Data science can improve risk assessment in blood cancer
Danish researchers suggest that data science and machine learning can give patients with lymphoma a more precise risk assessment. The goal is to help more patients get the right treatment at the right time and improve their chances of survival.
“Doctors today use a standard score to assess risk in patients with lymphoma, a type of blood cancer. It is based on surprisingly little information, even though it helps judge how serious the disease appears to be and how closely patients should be followed. In our data, the standard score identified only one patient over the age of 60 in the low-risk group with good treatment prospects. Our model identified 160. This suggests that age carries so much weight in the current score that older patients are almost never assessed as low risk, even when their prognosis is good.”
This is according to 29-year-old PhD student Mikkel Werling, whose PhD is funded by DDSA. He has just published an article together with Alexander D. Fuglkjær, Peter Brown, Carsten U. Niemann, and Rudi Agius in the European medical journal HemaSphere.
In the article, the researchers investigate whether machine learning can improve risk assessment for patients with diffuse large B-cell lymphoma, the most common aggressive form of lymphoma. They compared the clinical standard score used in hospitals around the world with machine learning models that could draw on far more information from the Danish national health registries.

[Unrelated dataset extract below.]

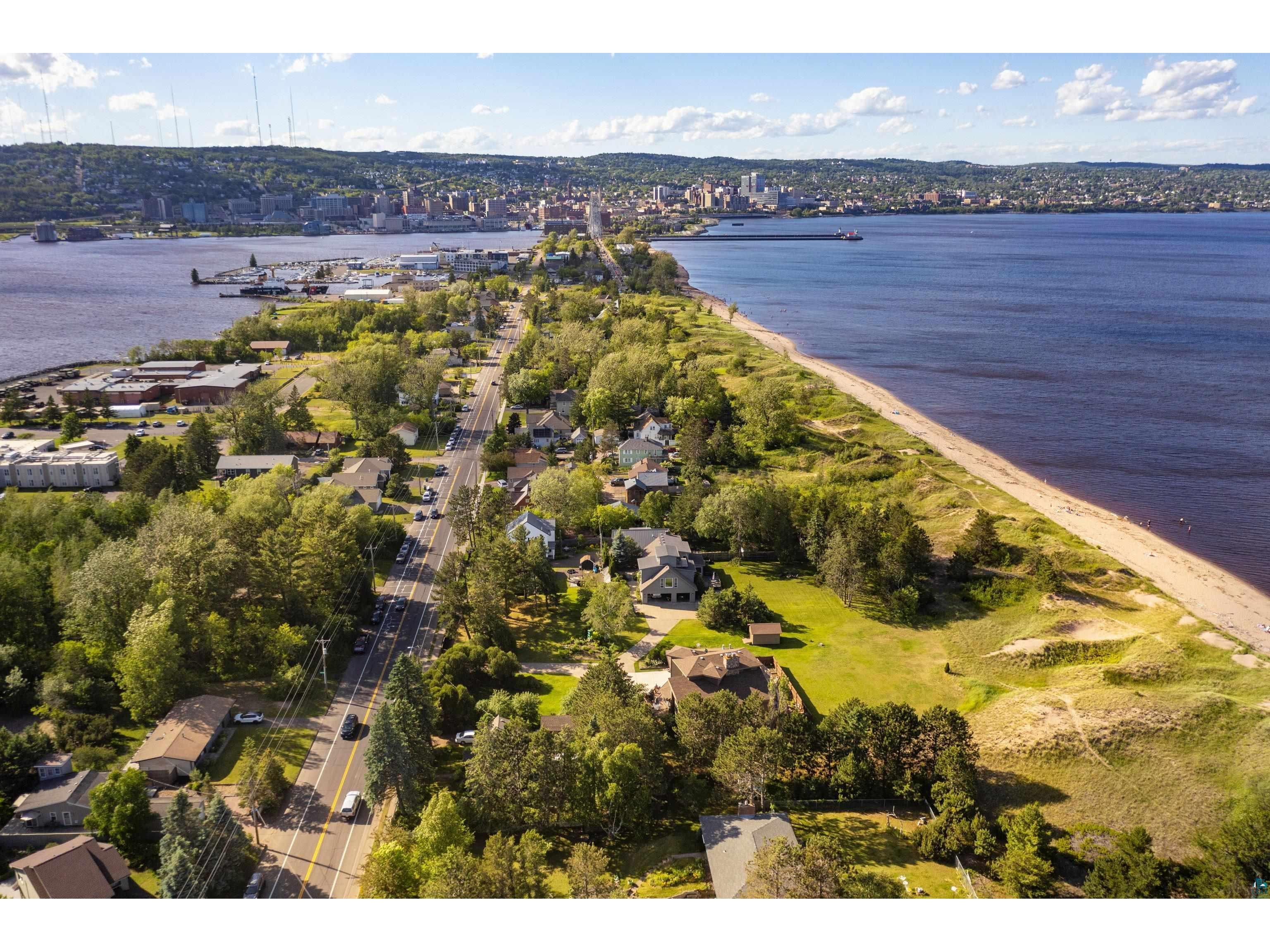 1700 Minnesota Ave Duluth MN 55802 - Lake Superior 6124714 image51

Data from almost 15,000 Danish patients used in research
The research group trained the models on data from 14,832 Danish patients with different types of lymphoma treated over the past 20 years. This allowed the models to learn from multiple diseases.

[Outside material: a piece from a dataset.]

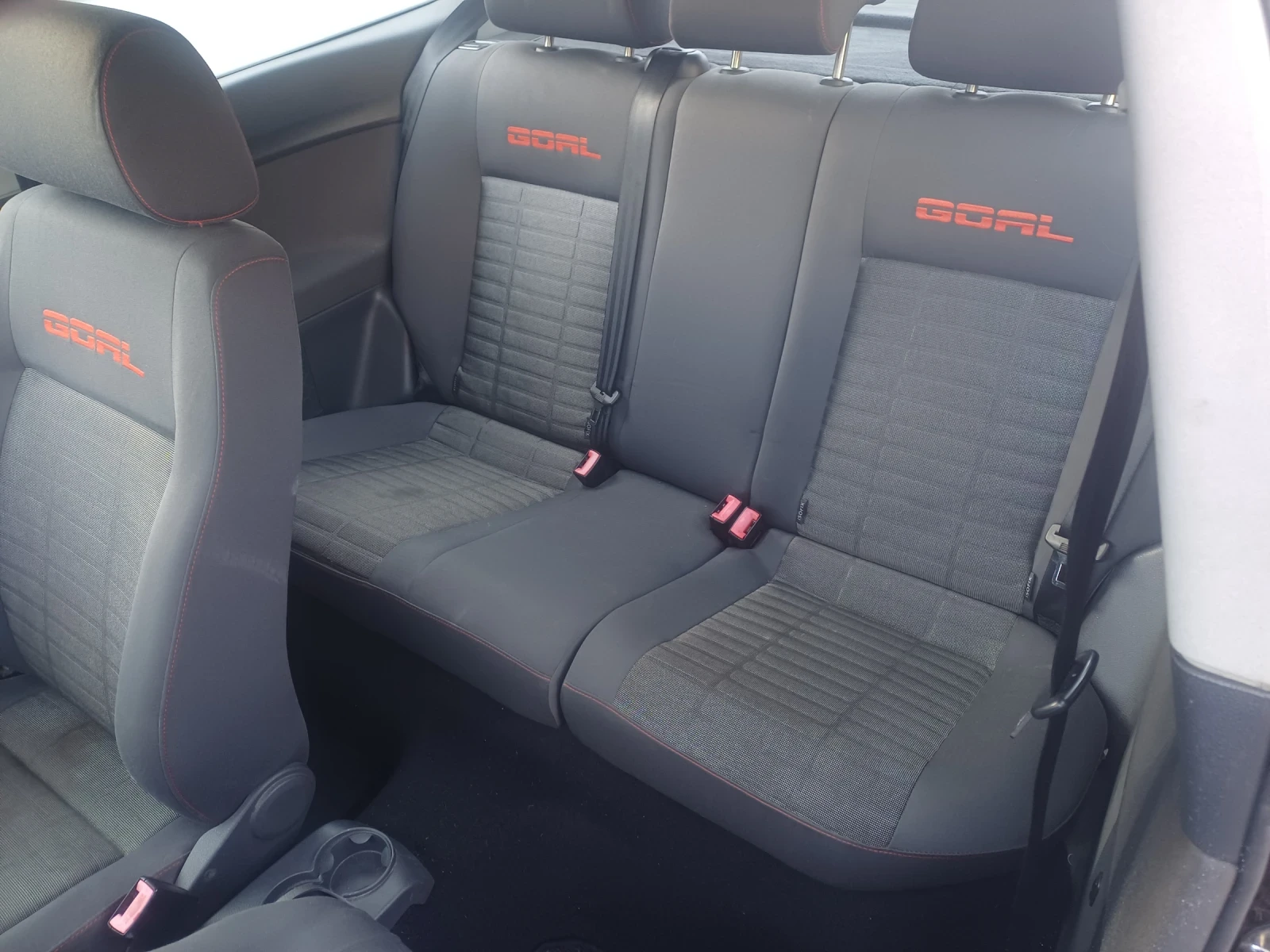 VW Polo 1.4������ ����� ��� ������ | Mobile.bg � ����������� 11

“In medicine, diseases are often seen as isolated entities. That makes sense if you want to understand the mechanisms driving each disease. But when you are trying to predict patient outcomes, it can be an advantage to think more broadly and let related diseases inform one another,” says Mikkel Werling.
The researchers point to three findings in particular:
- Machine learning provided more precise risk assessment than the model currently used in the clinic. At the same level of false alarms, the model identified 22 percent more of the patients who went on to experience treatment failure. At the same time, it was also more precise in which patients it flagged.
- Age is a clear limitation of the current standard score. In the dataset, the standard score identified only one patient over the age of 60 in the low-risk group with good treatment prospects. The research group’s model identified 160.
- The more information, the better. The models improved as the researchers gave them access to more of the patients’ medical histories and allowed them to learn across related diseases.
“With the current score, you are in practice asking five questions. With our model, you are asking 87. That makes it possible to detect patterns that would otherwise be easy to miss, and gives doctors a better basis for making decisions,” says Mikkel Werling.
The doctor must always make the final decision
Mikkel Werling is a PhD student at the University of Copenhagen and works together with specialists from Rigshospitalet and the Danish Cancer Society. He stresses that the model presented in the study should be seen as decision support, not as a replacement for clinical judgment.
“There are already models built directly into clinical systems and used as support in everyday practice. The question is not whether models should replace the doctor, but how they can best support the doctor’s decisions,” he says.
According to Mikkel Werling, the results also point toward broader uses for the same way of thinking.
“We have just shown that models perform better when they can learn across related types of lymphoma. That is a new way of thinking within blood disorders and blood cancers, where many diseases have such small patient groups that it is difficult to develop strong models for each one. The idea is that related diseases can help models learn patterns that are hard to spot in small datasets. The next step is to take that exact same idea and scale it up fully: first letting the models learn from the health data of the whole population and then adapting them to blood disorders and blood cancers. If that succeeds, it could lead to better predictions and better decision support. In the longer term, it could mean that one and the same model can be used for many different clinical questions, including in areas where patient groups are currently too small to develop good models,” he says.